Over the last month, Polisario factions have clashed near the Mali border with Algeria in a struggle over the drug trade. Polisario and Al Qaida Organization in the Islamic Maghreb were said to have been moving cocaine from South America through the Sahel region.

Another analyst, Peter Pham, said the fighting within Polisario could increase as many fighters left Libya after the collapse of the regime of Col. Moammar Khaddafy in September. Pham, director at the Atlantic Council, said scores of Polisario mercenaries were now left without a source of income and could join the drug trade.

On Sept. 15, France convened 35 countries to discuss counter-insurgency. French Justice Minister Michel Mercier said his government was pleased with CI cooperation with Morocco as well as Spain and the United States.

"These groups are essential because they enable the exchange of operational information and the strengthening of mutual requests for legal assistance," Mercier said.

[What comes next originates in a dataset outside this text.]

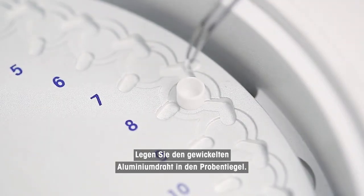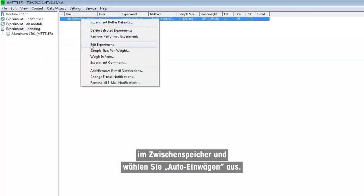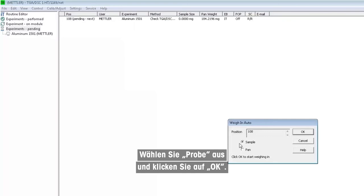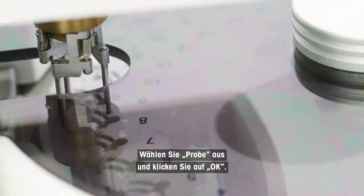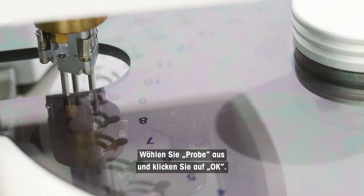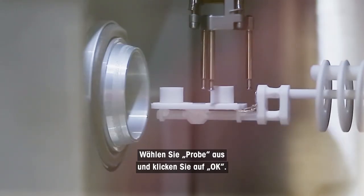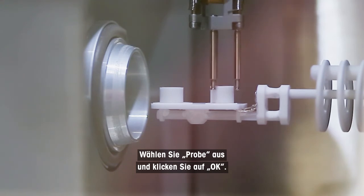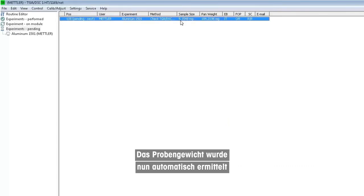Transfer the wrapped aluminum wire into the sample crucible. Right-click on the experiment in the buffer, choose weigh-in auto, then choose sample and click OK. The sample weight has now been automatically determined and transferred to the module control window. Start the experiment.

I have read the report “Polisario working with Al Qaida in drug, weapons trafficking” in which, once again, utterly inaccurate and preposterous accusations are levelled against the Frente POLISARIO, the internationally recognised national liberation movement of Western Sahara. The allegations attributed to “leading analysts” are regrettably nothing but recycled versions of the propaganda material that is being widely disseminated these days by the Moroccan media and pro-Morocco lobbyists in the US and elsewhere. The report openly accuses the Frente POLISARIO of being involved in “illegal drug smuggling” in both North Africa and neighbouring Europe, an accusation for which the “analyst” presents no empirical evidence whatsoever, aside from his own conjectures that have nothing to do with responsible scholarly research. The claim made by another “analyst”, known for his hostile views on the Frente POLISARIO, who associates our liberation movement with the conflict in Libya, is another feeble rehash of well-known Moroccan propaganda. The analyst seems, wittingly or unwittingly, unaware of the statement made by the President of the Libyan National Transitional Council (NTC), Mustafa Abdeljalil, on 30 August 2011, in which he unequivocally denied any presence of elements of the Frente POLISARIO in Libya. In his own words, Mustafa Abdeljalil said that, “We are not aware of any presence of the POLISARIO Front or assistance to Muammar Gaddafi and we cannot accuse anyone in this regard”. Nevertheless, the “analyst” and the chorus of pro-Morocco lobbyists seem to know much better than the Libyans themselves do! In fine, it is well known that the Frente POLISARIO, the internationally recognised national liberation movement of Western Sahara, has never been associated with any form of terrorism, extremism or illicit trade. Any attempt to depict the movement as otherwise is simply to play into the hands of Morocco’s propagandistic machinery that has been engaged in a frenzied smear campaign against our national liberation movement in order to hide its widely documented and systematic violations of human rights in the Sahrawi territories under its illegal occupation as well as its rejection of the UN-supervised and organised referendum on self-determination.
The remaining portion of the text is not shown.